**Dataset section**
—————

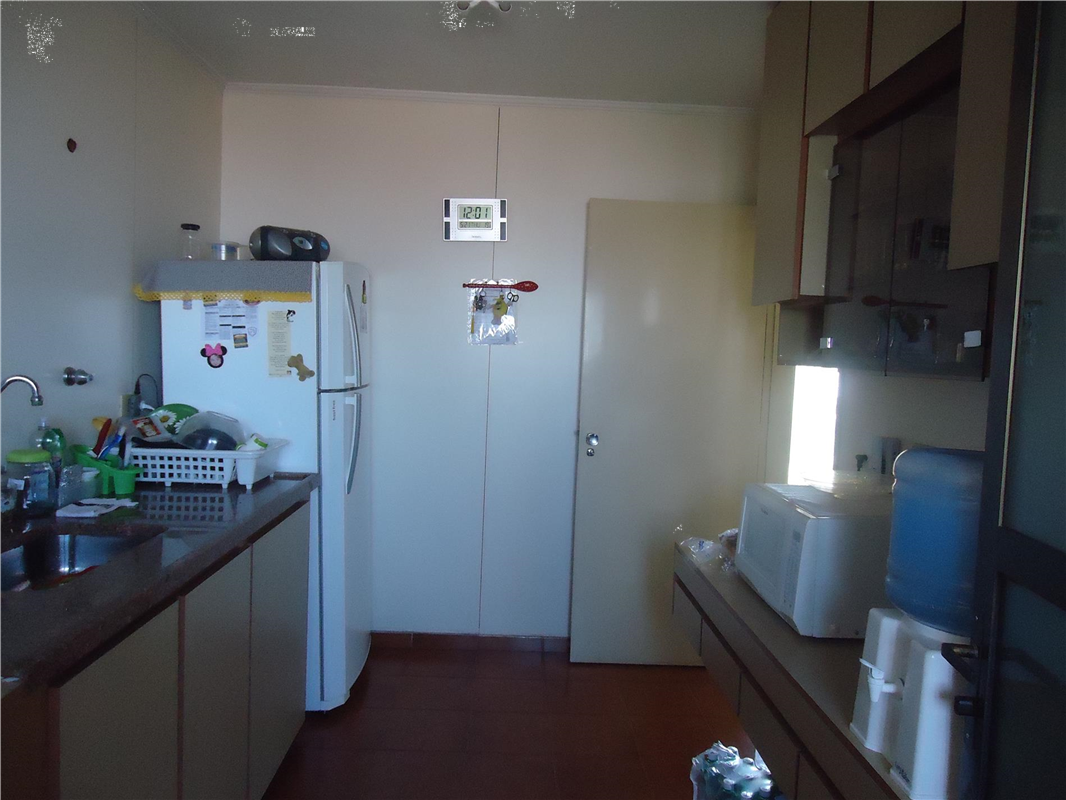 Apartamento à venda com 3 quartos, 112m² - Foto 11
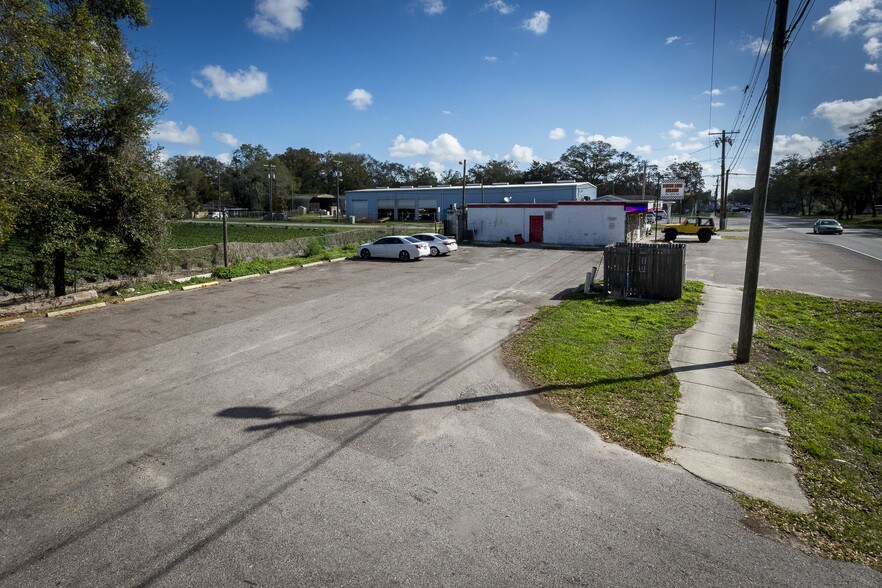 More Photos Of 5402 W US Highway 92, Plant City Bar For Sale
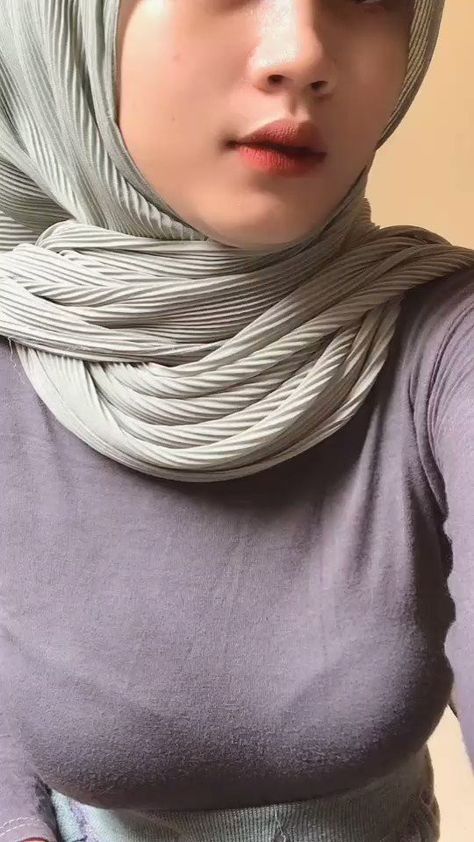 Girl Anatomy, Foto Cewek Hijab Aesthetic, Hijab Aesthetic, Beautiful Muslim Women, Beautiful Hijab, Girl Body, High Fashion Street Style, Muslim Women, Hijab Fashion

—————

**Exercise**
Print the data above exactly, from its first line to the line bearing "More Photos Of" inclusive, and keep pictures out of the result.

**Result of this task**
 Apartamento à venda com 3 quartos, 112m² - Foto 11
 More Photos Of 5402 W US Highway 92, Plant City Bar For Sale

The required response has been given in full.